▸ **INPUT MATERIAL**
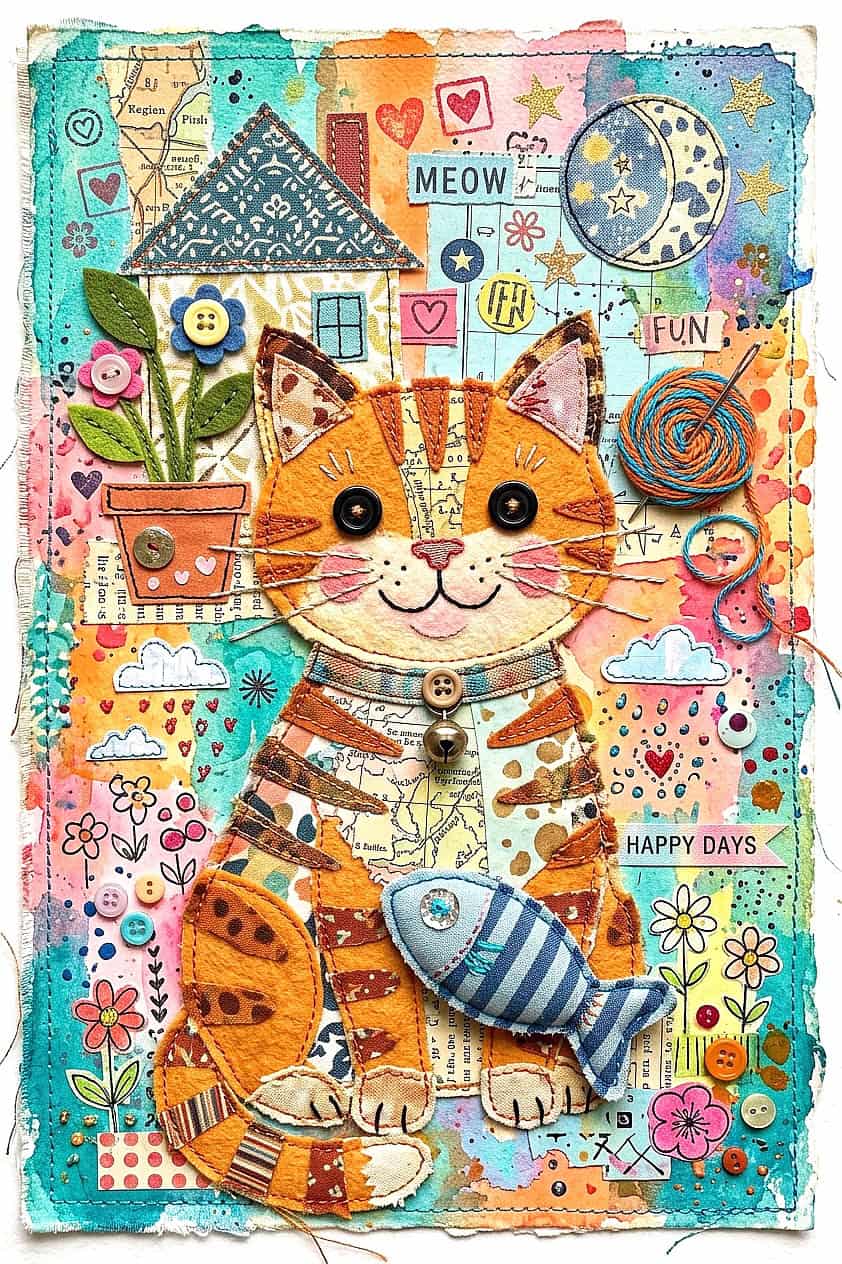Whimsical mixed media cat art with buttons, fabric, and doodles for children.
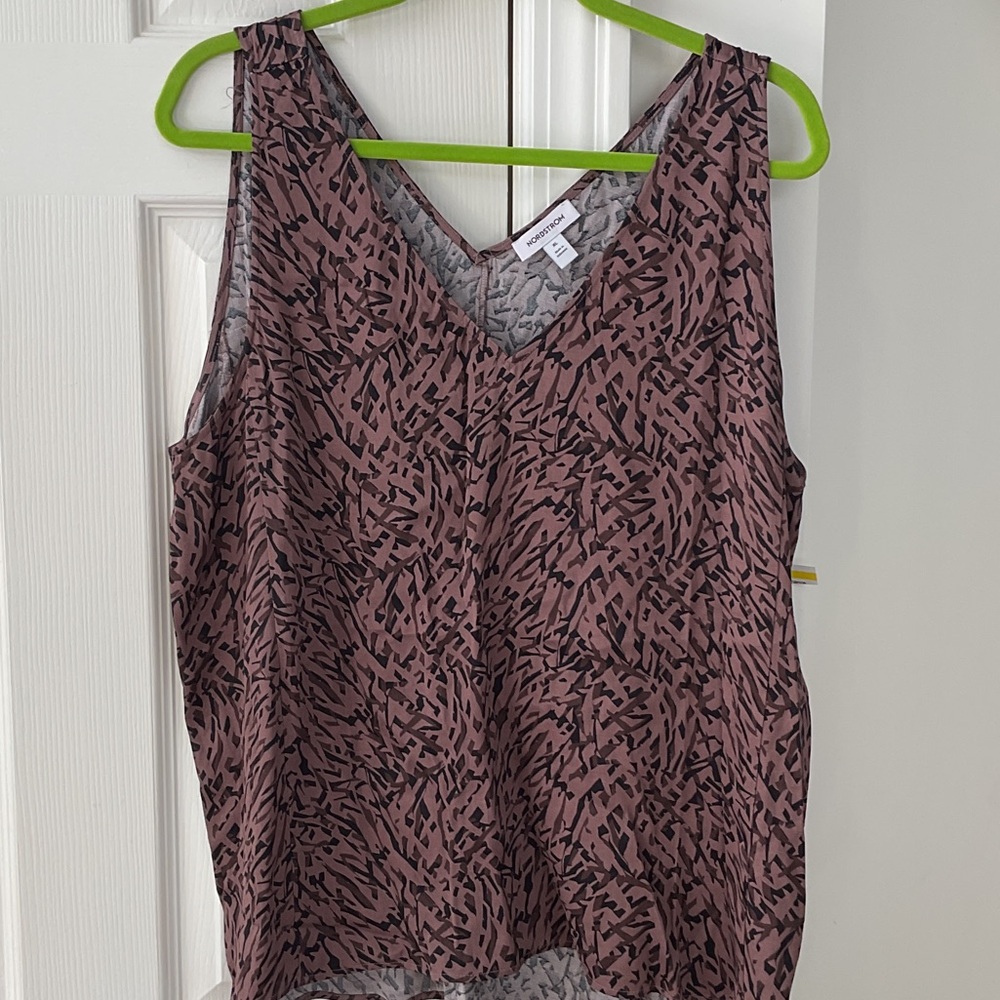 Nordstrom Mauve and Black Patterned Tank Top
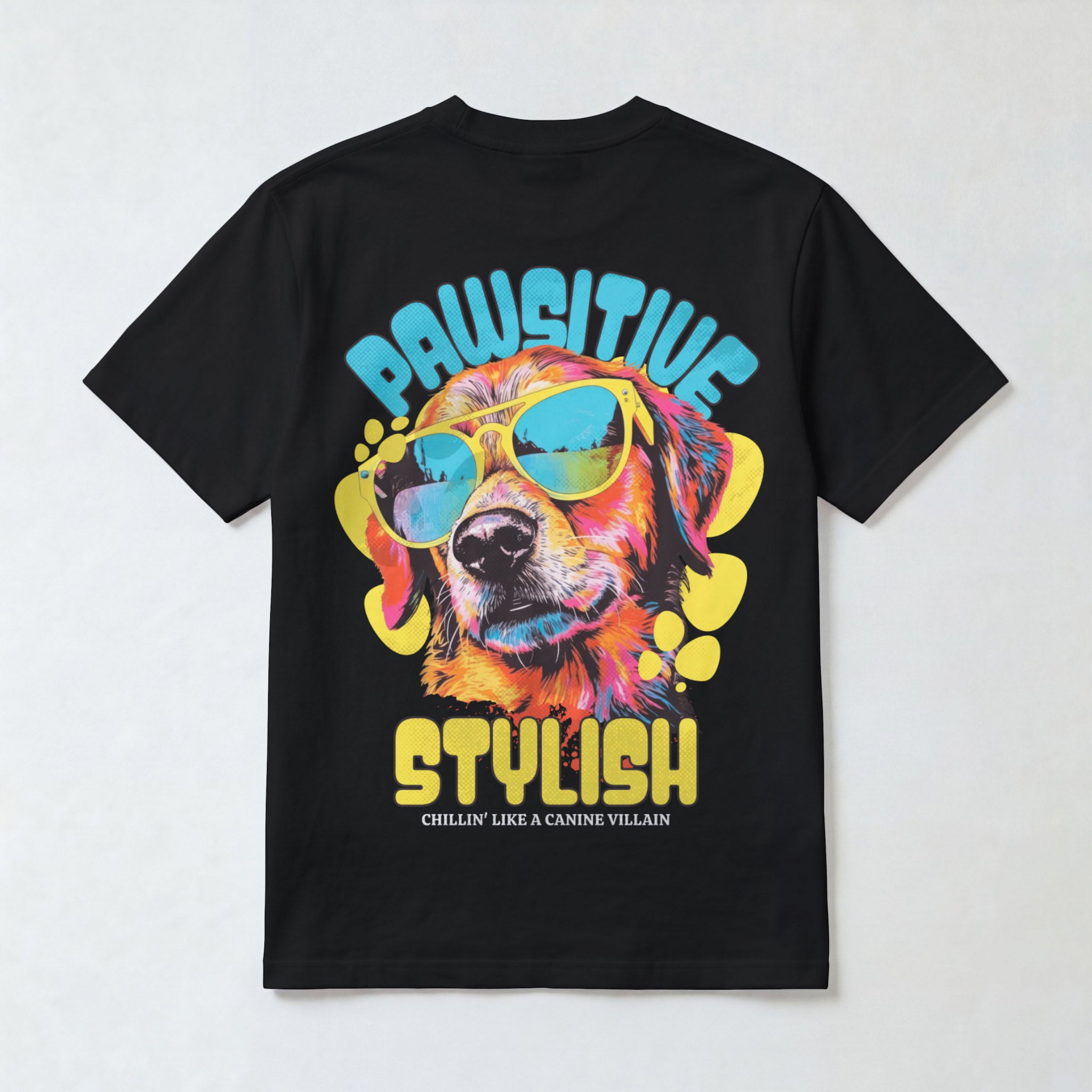 "Pawsitive & Stylish" Retro Dog Graphic Tee
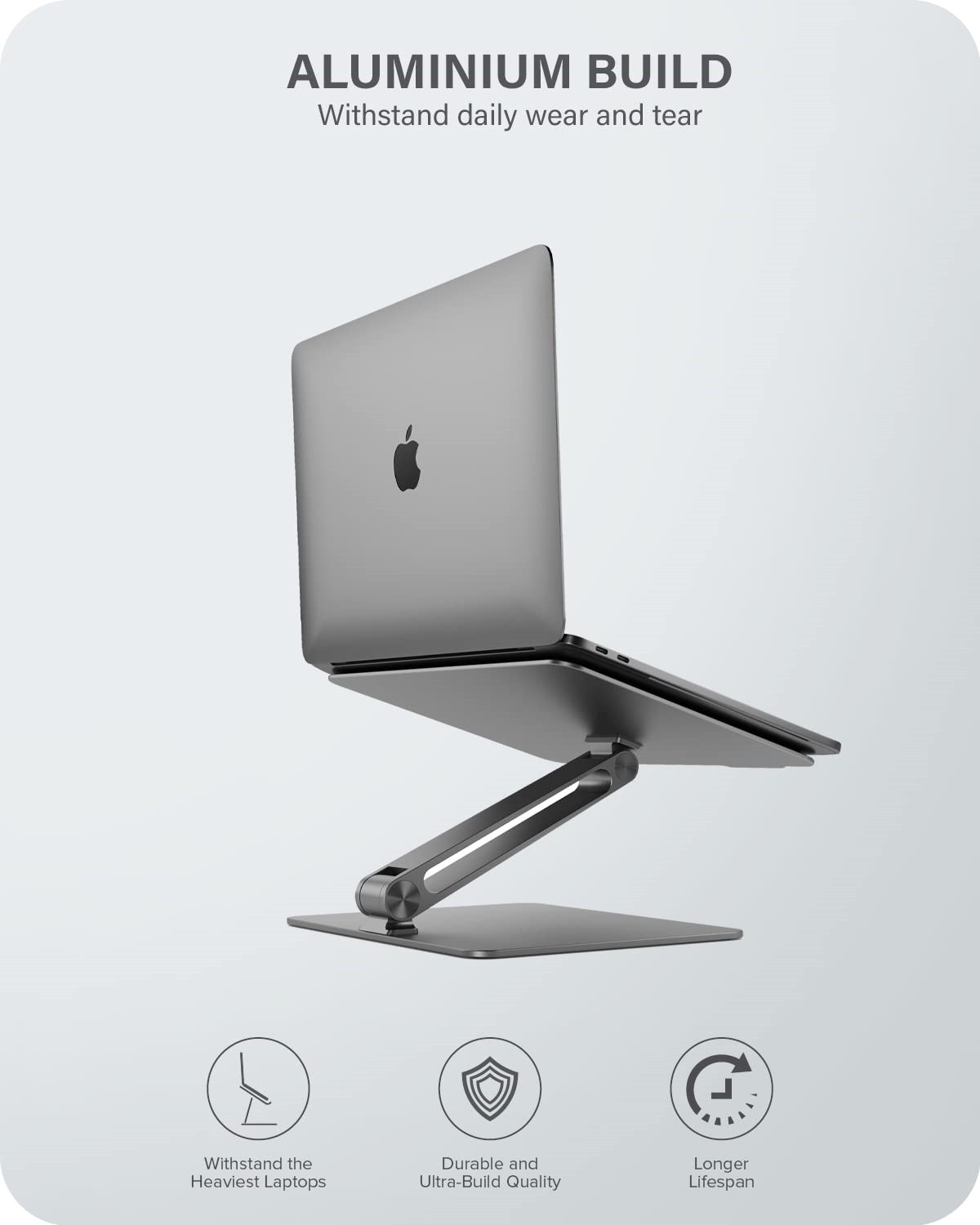 ALOGIC Elite Adjustable Laptop Stand, Ergonomic Riser Aluminium Design, Portable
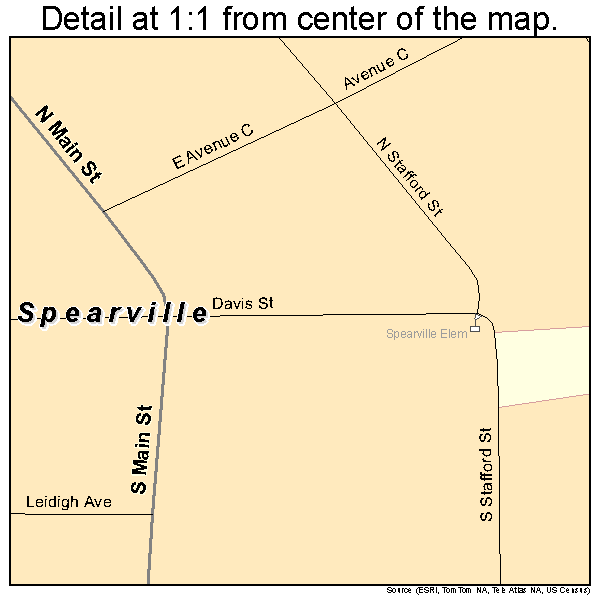 Spearville, Kansas road map detail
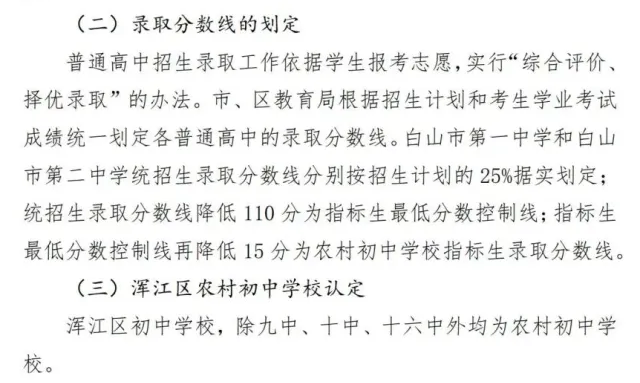 2025年白山中考各高中錄取分數線一覽表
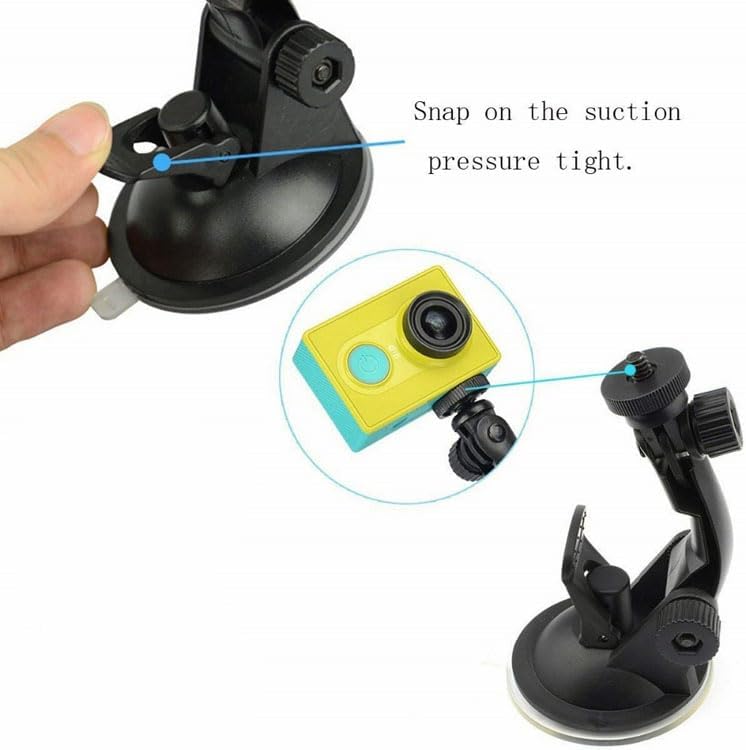 Reflex Camera 1/4"-20 Thread Sports Camera Car Suction Cup Mount | Windshield & Dashboard Compatible with GoPro, Akaso, SJCAM, Insta360, Canon | Adjustable Mount for Vlogging & Action Filming image 5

▸ **WHAT YOU SHOULD DO**
Print all of the data exactly, and do not carry over any pictures.

▸ **REPLY TO THE EXERCISE**
Whimsical mixed media cat art with buttons, fabric, and doodles for children.
 Nordstrom Mauve and Black Patterned Tank Top
 "Pawsitive & Stylish" Retro Dog Graphic Tee
 ALOGIC Elite Adjustable Laptop Stand, Ergonomic Riser Aluminium Design, Portable
 Spearville, Kansas road map detail
 2025年白山中考各高中錄取分數線一覽表
 Reflex Camera 1/4"-20 Thread Sports Camera Car Suction Cup Mount | Windshield & Dashboard Compatible with GoPro, Akaso, SJCAM, Insta360, Canon | Adjustable Mount for Vlogging & Action Filming image 5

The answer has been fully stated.